Using AI, Startup Mines Health Care Data to Improve Patient Care

Imagine reading six million pages of text or scrolling through 200,000 photos on your smart phone. That is the amount of data, on average, that a doctor should comb through to diagnose and treat a single patient. Most of this information is contained in clinical text, which is difficult to analyze by conventional data analysis methods because it almost always contains errors and is riddled with missing information. As a result, critical information often remains undetected, which can lead to unfortunate consequences. One is adverse drug events, the fourth-leading cause of death in the United States and estimated to cost close to $140 billion per year.

A Columbia startup, Droice, is using artificial intelligence to help doctors make sense of clinical data. "Artificial intelligence is critical to the future of medicine," said Harshit Saxena, a Droice cofounder who just graduated with a master's degree in computer science. He and three other Columbia graduate students—Mayur Saxena (no relation to Harshit), Tasha Nagamine from the Electrical Engineering department, and Aleksandr Makarov—created a platform to assist doctors in choosing an appropriate treatment, whether it is drugs, medical devices, surgeries, lab tests, or other interventions.

Their platform analyzes possible treatment combinations for severalcommon conditions, including diabetes, asthma, and heart disease, which together are responsible for 80 percent of all U.S. prescriptions.

Choosing an appropriate treatment is incredibly complicated. “Every patient is unique,” Harshit Saxena said. “Every treatment should be tailored to the individual sitting in front of the doctor.” It is not easy. More than 2,000 drugs are prescribed in the U.S.; asthma alone has more than 100 FDA-approved drugs. Each drug performs differently depending on a patient’s age, sex, genetic profile, and co-conditions that include diseases, susceptibilities, and allergies. Doctors must also consider a multitude of relevant scientific literature, clinical trials, and FDA guidelines.

Nagamine, who researches machine learning for her PhD in Prof. Nima Mesgarani's lab, explains that traditional methods for choosing a treatment plan can be difficult to use in such a complex setting. “The answer lies in artificial intelligence—more specifically, in advanced natural language processing, which can analyze huge amounts of patient information in the form of text from electronic health records. This gives us critical insights into the best treatment strategy for a patient, which might otherwise be impossible for a doctor to find,” she said.

Droice’s software predicts the performance of a treatment by combining medical research with an analysis of how that treatment has performed on millions of patients in the past. From this collective information, it predicts how the same treatment will perform on a new patient. It is a sophisticated use of artificial intelligence, but for the Droice team, it wasn’t enough to build the software; to truly assist doctors, the predictions had to be delivered in a form that doctors could easily interpret and trust while not disrupting their workflow.

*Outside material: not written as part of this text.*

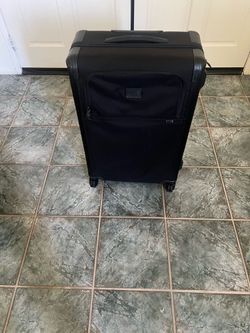 Tumi 26-28 size checked suitcase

Over several months, the Droice team sought feedback in designing an intuitive interface—interviewing doctors, entering hackathons, and taking advantage of the advice and support provided by alumni and other Columbia connections. Based on this feedback, they embedded Droice intelligence in the software that doctors use to view and update patients’ electronic health records. With a single glance, doctors can see predictions for each drug treatment, backed by trusted scientific papers. “If our software makes predictions for 10 treatment options, we point to the relevant papers in each case so doctors can understand the reason why,” Harshit Saxena said.

In an indication of the interest surrounding the use of artificial intelligence in health care, two hospital-wide rollouts are already in progress, with 576 doctors currently using Droice software. As results come in, the team will use this additional data to refine the software. A paper to make their results public is planned for mid-2017.

“By using artificial intelligence techniques,” Mayur Saxena said, “we are able to help doctors cope with difficult medical decisions and deliver a positive impact on the health and well-being of patients.”